The General Minister of the United Church of Christ, the Rev. John Dorhauer, posted this on Facebook Monday morning–
I am fast losing the capacity to mourn all that we must mourn. Charlottesville becomes Houston becomes Florida becomes Puerto Rico becomes Las Vegas. Every lost life is a name, a history, a hope, a story – an unfulfilled future. Every lost life leaves behind loved ones who mourn and grieve and piece together a future of their own torn asunder by matters we cannot comprehend. I can’t find words to capture this pain, this collective grief and anger. I cannot reach deep enough into my soul to express fully the pain, the anger, the rage, the confusion, the anxiety, the emptiness. When will it end? And what must I do, must I do, must I do to respond with meaning, with purpose, with intent so that whatever hope we talk about on the other side of this is not vapid and vain? I feel utterly powerless. God help us all. Inspire imagination. Inspire hope. Inspire healing. Inspire resistance. Inspire something new and something bold and something grand. This cannot be our ongoing narrative. We have to want something better than this. Let there be peace on Earth, and let it begin with me.

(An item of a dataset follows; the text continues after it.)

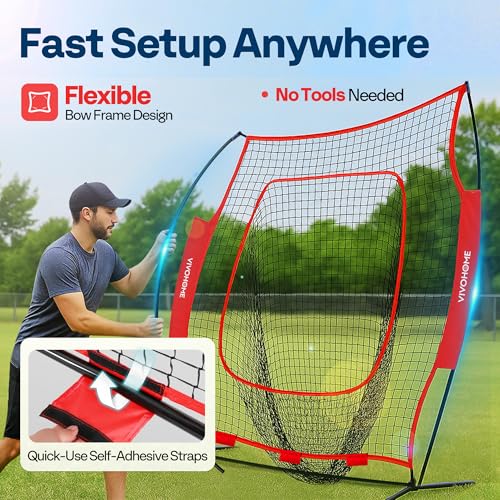 7x7 Ft Baseball Softball Practice Net with Batting Tee and Carry Bag J76239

It was pretty much exactly what I was feeling, though I couldn’t find the words which John expressed so beautifully. Numb. Powerless. Exhausted. Praying for imagination, for hope, for healing, for inspiration, for “something new and something bold and something grand.”
And then I read this parable–or maybe it’s an allegory–of Jesus about the wicked tenants and the vineyard, and, my colleagues in my clergy support group–none of whom are preaching on this today– my colleagues turned to me after we read this together on Tuesday, and said, “Good luck with this, Mary.” This is why we come together for support!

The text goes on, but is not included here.